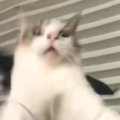 「羽ばたいていったｗｗ」猫におもちゃの羽をつけたら、次の瞬間…まさかの…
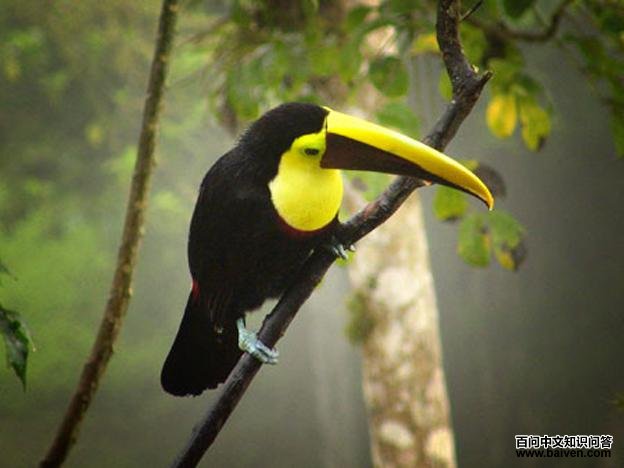 �ǿƾ�����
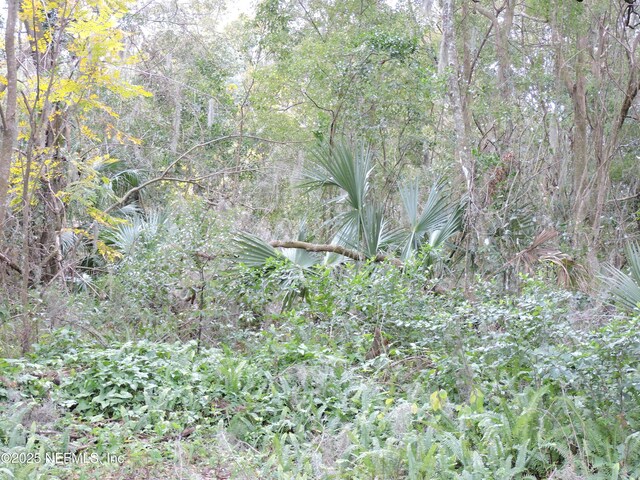 2008 Nickerson Ln, Jacksonville, FL 32207 - photo 7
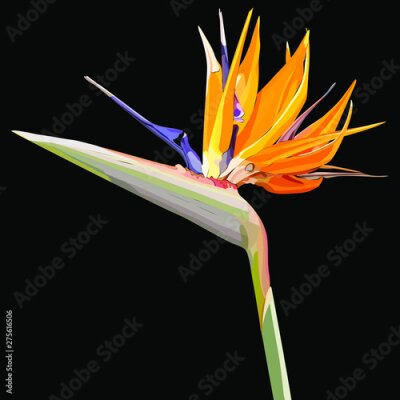 Papier peint  Strelitzia Reginae orange tropical flower bouquets. Vector illustration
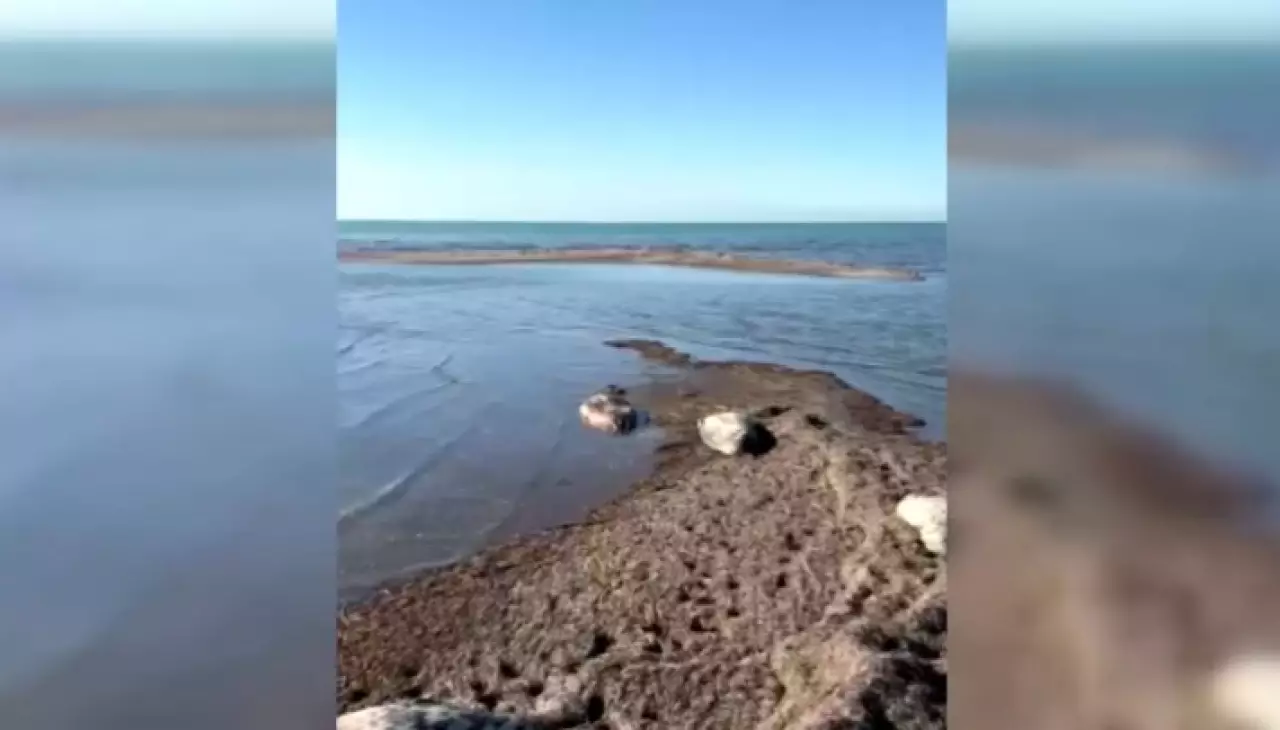 На побережье Каспия снова обнаружили мертвых тюленей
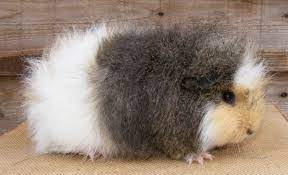 Pin On Guinea Pigs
_ _ _ _ _
Starting at the line where "На побережье Каспия" appears, restate every line through the end of the records above exactly, but omit the pictures.

 На побережье Каспия снова обнаружили мертвых тюленей
 Pin On Guinea Pigs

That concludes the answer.